With graduation season upon us I think it’s fitting to address a subject that is rarely spoken about but is constantly with us in the fashion world, ageism in fashion design. We all know that model’s careers are short lived, but designers as well, rarely enjoy a fruitful career until retirement age. More often than not the rug is pulled out from under them at the height of their careers. With few exceptions (Karl Lagerfeld comes to mind) creative directors over the age of 50 are rare. Equally strange is that this realization has only recently come to me. I think it’s due to the fact that in design we work hard, put in long hours and don’t have time to think about it until it’s too late.
Job security was never one of the perks of being a designer, but with talent and an impressive resume most designers land on their feet after losing or leaving a job, that is until age enters the equation. I’ve touched on this subject before in Year Of Living Designer Free, which sites the game of musical chairs designers are forced to play by the conglomerates that now control the most prominent fashion houses.
The nature of fashion, especially the high end, is always looking for the next new thing, the new enfant terrible, but there are only so many prime design jobs, and with younger talent entering the arena each year it puts tremendous pressure on the top spots. Young talent is sometimes catapulted to prime time before they have the practical experience to handle the pressure and the time management skills necessary to get the job done. It’s also true that some older designers may rest on their laurels and fall back on familiar territory, but I’ve seen too many exceptionally talented designers forced to end their careers early.

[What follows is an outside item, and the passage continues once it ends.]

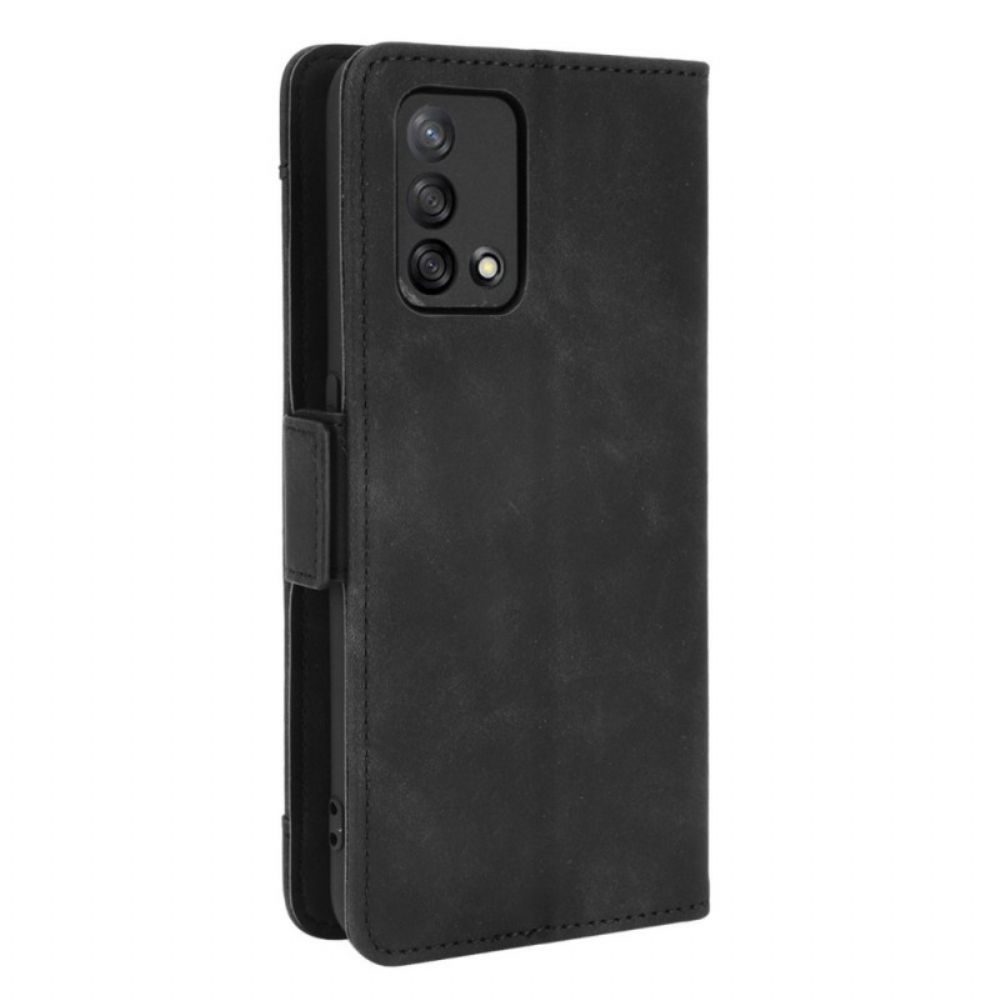 Flip Case Für Oppo A74 4G Erstklassige Multi-map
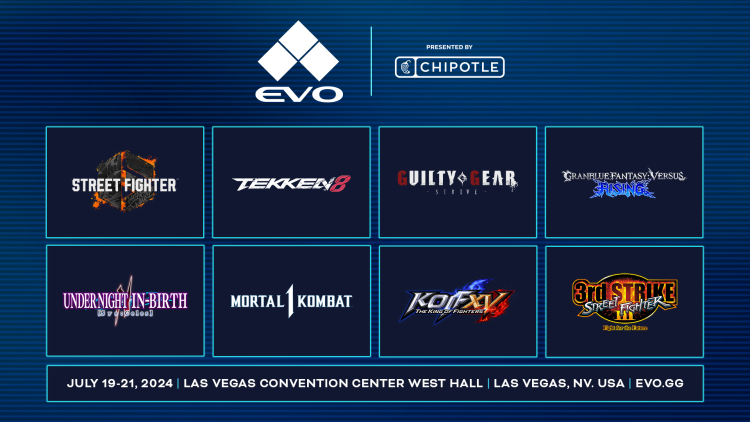 Evo 2024 Unleashed: A New Era of Fighting Games Takes Center Stage with Exciting Games, Fresh Venue, and Unparalleled Experiences! 1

This phenomenon does not only happen at the top of the pyramid but throughout the ranks of design. It’s the rare design studio that has diversity in age, unlike the sample rooms that work in tandem with design; there drapers, pattern makers, and sample hands of all ages work together with a much greater level of security. An experienced older draper or tailor is valued and will always be able to find employment should they lose their job. The expertise a designer acquires over the years is not treated with the same respect, and in time the years of experience become a liability.
Alber Elbaz is a perfect example of an extremely talented and universally respected designer whose career was abruptly interrupted. I take care to not say ended, I’m hopeful that someone will have the good sense to hire him yet. In October of 2015 Elbaz, then 54, was dismissed from his position as creative director of Lanvin. The industry was shocked. Elbaz was credited with transforming the house into a major player on the fashion stage, acclaimed by critics and customers alike. The atelier was so outraged by his firing they staged a protest, but to no avail, a year and a half later he is still without a position. At a speaking engagement last month at Parsons Elbaz said, “I hear nowadays too often, young designer, old designer, young actress, old actress, older writer, younger writer, and I’m like, is it really about being young or old? Or is it about being good or bad?” this is my point exactly.
Francisco Costa, creative director of Calvin Klein since Klein’s retirement in 2003, suffered a similar fate. Though it’s unremarkable that a design house may want a change of creative vision after more than a decade, it is alarming that designers of the caliber of Costa and Elbaz are not judged solely on their accomplishments and reputation.
Even established designers of eponymous collections are vulnerable. In 2015, Donna Karen was muscled out of her company by then owners LVMH. Her key designers were then unceremoniously let go. The team from Public School was brought in for a newer, edgier perspective. In less than two years the company was sold, the new designers gone, and the brand is in disarray, rumored to become more mass market.
Ralph Rucci, known for his couture level creations, was also forced out of his own company. I met with him in the summer of 2014, newly implanted in a spectacular atelier, gut renovated to reflect his vision. He seemed at peace and told me he felt like he was finally home, adding that the new space would be his final workplace. It perfectly reflected him and the exacting nature of his work. The sample room was behind a glass wall, everything was white including the lab coats worn by the workers. Shots of colors came only from the clothes, suspended like sculptures from hangers. It reminded me of an operating room, it was that pristine. Three months later his financial backers forced him out and stripped him of his name.
People in design work with passion, their heart and soul go into every collection. Long hours, lack of security, and mediocre pay for all but the top players are accepted with little complaint because most designers are doing what they love. The system, as it has evolved, from small family like companies to large publicly traded corporations, take advantage of this knowing there is a large pool of talent always in the wings. New graduates should be made aware of the reality of ageism in fashion design and plan their careers accordingly. The prime earning years go by fast.
But the landscape is changing. The advent of the Internet is transforming how people consume fashion. I also believe that the customer will tire of the lack of exclusivity. The same product is sold in designer boutiques from Shanghai to New York. Thousands of pieces cut per style and even more for shoes and bags. Young people are more concerned with ethically produced and sourced fashion, which naturally lends itself to smaller distribution. My hope for the future is a move back towards smaller companies and more collaboration between online retailers and seasoned designers. Influencers are already producing product for ecommerce, it makes sense to extend this to proven talent.